Ella le miró fijamente:
—No entiendo lo que dice, Rothwell. Yo me he disculpado.
—No, no se ha disculpado debidamente. Solamente ha dicho que lamenta haberme enojado, nada más. Si bien es algo perfectamente comprensible, no tiene nada que ver con el asunto que nos ocupa. —Ella permaneció en silencio, meditando sobre sus palabras y él, sin variar el tono de voz, añadió—. Tal vez debiese explicarme qué tipo de estúpidos motivos le han movido a llevar a mi hermana a un baile jacobita. ¿Eso también lo lamenta, o es que para usted no hay práctica deleznable si le sirve para lograr sus propósitos, sean cuales sean?
La acusación la conmocionó. Se giró, se esforzó por mantener la calma y añadió:
—En ningún momento he pretendido causar ningún daño a Lydia, señor. Es mi amiga y de no ser por la necesidad de… —Una poderosa mano la asió por el hombro y la obligó a darse la vuelta para mirarlo. Una segunda mano la sujetó por el otro hombro y, sin un ápice de calma, la zarandeó.
—¡Cómo osa insinuar que sus intereses son más importantes que los de mi hermana! ¿Qué clase de mujer es usted que no duda en comprometer la reputación de una inocente joven en beneficio de sus egoístas y del todo ridículos objetivos? ¿Realmente valía la pena destruir así a Lydia, que solamente ha mostrado amabilidad y generosidad hacia usted, para acudir al baile?
—Hemos… hemos llevado la máscara durante todo el rato —dijo ella, mientras luchaba contra el doloroso nudo que sentía en la garganta y deseaba que el conde la dejase marchar—. Yo jamás hubiese permitido…
—No quiero saber lo que cree que habría o no habría permitido —replicó él asiéndola con más fuerza—. ¿Qué va a ser lo siguiente? ¿Acaso su encuentro con James en el tribunal no fue casual, sino que el hecho de que la trajese a esta casa formaba parte de algún complejo complot jacobita? Está usted poseída por el mismísimo diablo —y volvió a zarandearla—. ¿Qué clase de villana es usted?
Los ojos se le llenaron de lágrimas. Era consciente de que sus dedos le dejarían moratones en los hombros, mas no hizo nada por soltarse; toda su energía estaba centrada en encontrar las palabras que calmasen su terrible ira.

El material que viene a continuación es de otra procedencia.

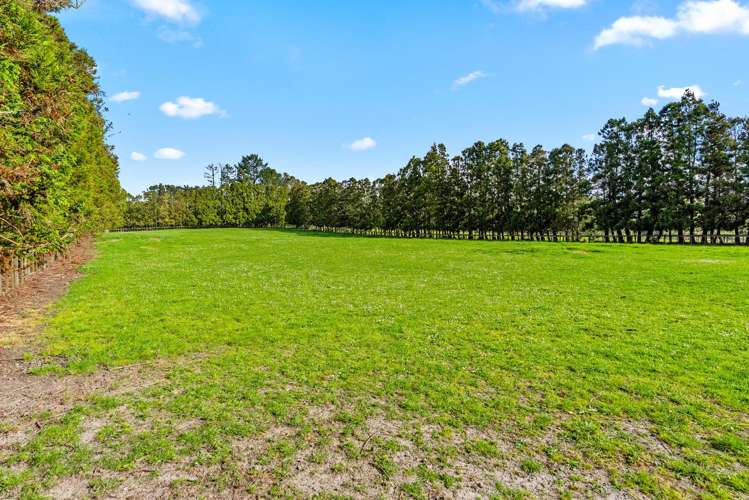 744 Waitakere Road and 42 Dysart Lane Kumeu_22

—Yo… yo no soy ninguna villana, señor, créame. No deseaba llevar a Lydia conmigo, pero usted hizo que me resultase imposible salir sola y ella dijo que me ayudaría. Es posible que existiese algún modo de evitar que viniese, pero no se me ocurrió ninguno. —Mientras hablaba, había centrado su mirada en los elaborados bordados de su chaleco, mas él permaneció en silencio durante tanto rato que finalmente ella se obligó a mirarle a la cara. Su mirada era demasiado penetrante. Maggie apartó los ojos con rapidez. Rothwell le soltó y su aterradora delicadeza tornó sus palabras en una forma de hablar escalofriante:
—En realidad, sigue diciendo que cree que la reputación de mi hermana es para usted menos importante que reunirse con sus amigos jacobitas.
—Eso es completamente falso —gritó ella impulsivamente—. De no haber sido por una necesidad imperiosa de reunirme…
—¿Lo ve? —dijo él cuando ella se detuvo consternada por lo que había estado a punto de decir—. Si desea engañarme, ha de aprender primero a pensar antes de hablar, pues yo ya no me chupo el dedo. Dice que no se le ocurrió ningún modo de evitar que Lydia le acompañase, pero lo cierto es que si hubiese pensado antes de actuar, se habría dado cuenta de que existían muchas formas de evitarlo, entre ellas, por qué no decirlo, la opción de que usted misma se hubiese quedado en casa hasta que le hubiese surgido una ocasión más oportuna de reunirse con sus amigos. Así que supongo que ha de decirme toda la verdad. He notado que no ha negado su participación en ningún maldito complot jacobita.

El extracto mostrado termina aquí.